Egli restò a becco aperto, come, era l’unico maschio adatto a lei, non aveva rivali ed osava rifiutarlo?

Le girò la schiena e decise di cambiare cortile, là dentro le oche erano tutte magre e stupide. Lo videro gli uomini mentre infilava la porta, l’agguantarono e l’indomani tutto il pollaio sentì un ben noto odore provenire dalla cucina.

Le oche femmine, pian piano, in ordine di ciccia, dalla più grassa alla più magra, vennero sacrificate, restò soltanto l’oca senza nome, che era tutt’ossa. Ogni volta che andava a letto a dormire lo sognava, e tale era la gioia, che le passava completamente la fame, le bastavano i chicchi di grano, sempre insaporiti col miele, e l’acqua che ogni mattina trovava misteriosamente ai piedi dell’aspidistra.

In un sogno egli le disse: < Ti piace il grano col miele che ti preparo ogni giorno?>, < Mi piace, sapevo che era un tuo regalo e provvedevi a me, che sono povera >, rispose lei, ma senza parole, perché era troppo commossa.

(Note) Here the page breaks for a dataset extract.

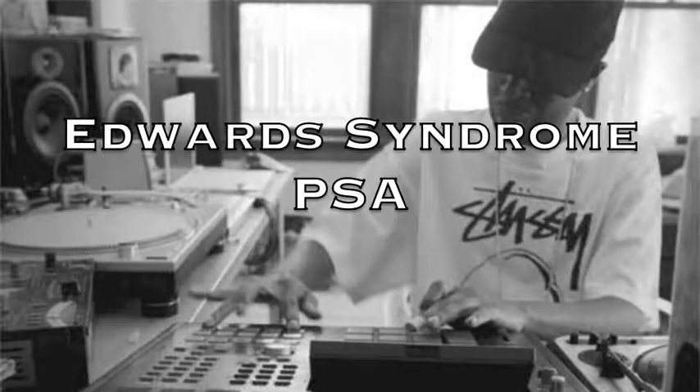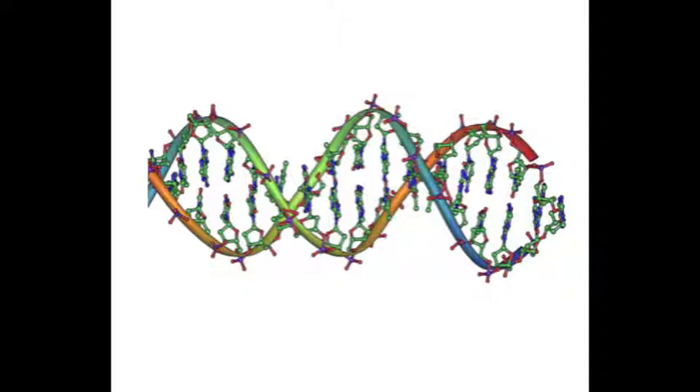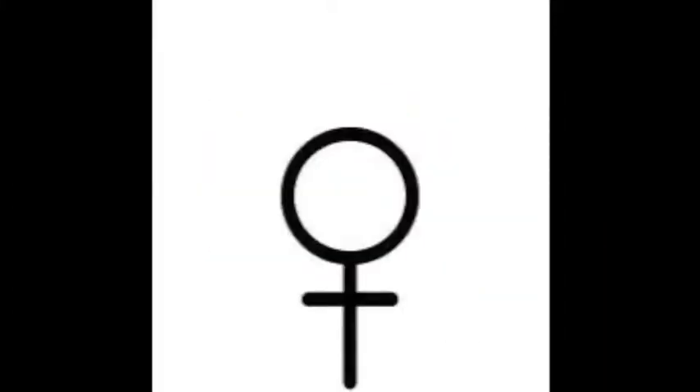This is Dr. Paulson and Jay Dilla with a PSA regarding Edwards Syndrome. Edwards Syndrome is a genetic disorder that affects nearly 1 in every 6,000 live births. The majority of fetuses affected die before birth. This disease favors females, with 80% of those diagnosed being female.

< Ti amo proprio perché sei così povera > rispose lui, stringendola a sé con tanta dolcezza che l’oca senza nome si svegliò e rimase a lungo sorridente, con gli occhi chiusi, beandosi.

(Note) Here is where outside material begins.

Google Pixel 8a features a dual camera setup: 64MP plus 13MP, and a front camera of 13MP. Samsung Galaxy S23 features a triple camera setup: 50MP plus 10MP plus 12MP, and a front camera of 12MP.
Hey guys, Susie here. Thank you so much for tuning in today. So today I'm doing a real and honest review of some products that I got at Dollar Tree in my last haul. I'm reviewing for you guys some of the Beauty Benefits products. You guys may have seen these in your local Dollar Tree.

In un altro sogno le sussurrò abbracciandola: < Adesso non sei più senza nome, ti chiamo Mia Amata, ma è un segreto fra me e te, non dirlo a nessuno >,  e Mia Amata promise, anche stavolta senza parole né versi da oca, perché si stava struggendo per lui.

Certe volte Mia Amata non ricordava i sogni d’amore, però gliene rimaneva la percezione nell’anima.

Non fece mai un uovo in vita sua e non ebbe bambini. Gli uomini dicevano che quell’oca non mangiava niente e non capivano come campasse, tanto era magra. Finirono col non guardarla più.

Era diventata tutta bianca mentre prima aveva parecchie piume marroni striate di nero qua e là. Strano fenomeno che nessuno notò, nemmeno lei.

Una notte egli le disse : < Vedi come sei bella? Adesso sei tutta bianca >.

Mia Amata, finalmente, si vide e gli sorrise. Aveva sempre una domanda sulla punta del becco, ma non osava fargliela.

Così una notte fu lui a chiederle cosa volesse sapere e lei, tutta rossa, sussurrò:

< Da dove vieni? >.

Ciò che egli, allora, le confidò fu tanto straordinario che le sembrò di morirne. Gli rispose:

< E potrò restare sempre con te?>.

< Sempre > affermò lui.

 
 

Domenica Luise
 

E' una fiaba simbolica, lascio a voi l'interpretazione e la conclusione: chi è l'oca senza nome? Chi è l'innamorato del sogno? Cosa vi fa venire in mente questo racconto? Vi intriga, commuove, incuriosisce o cosa?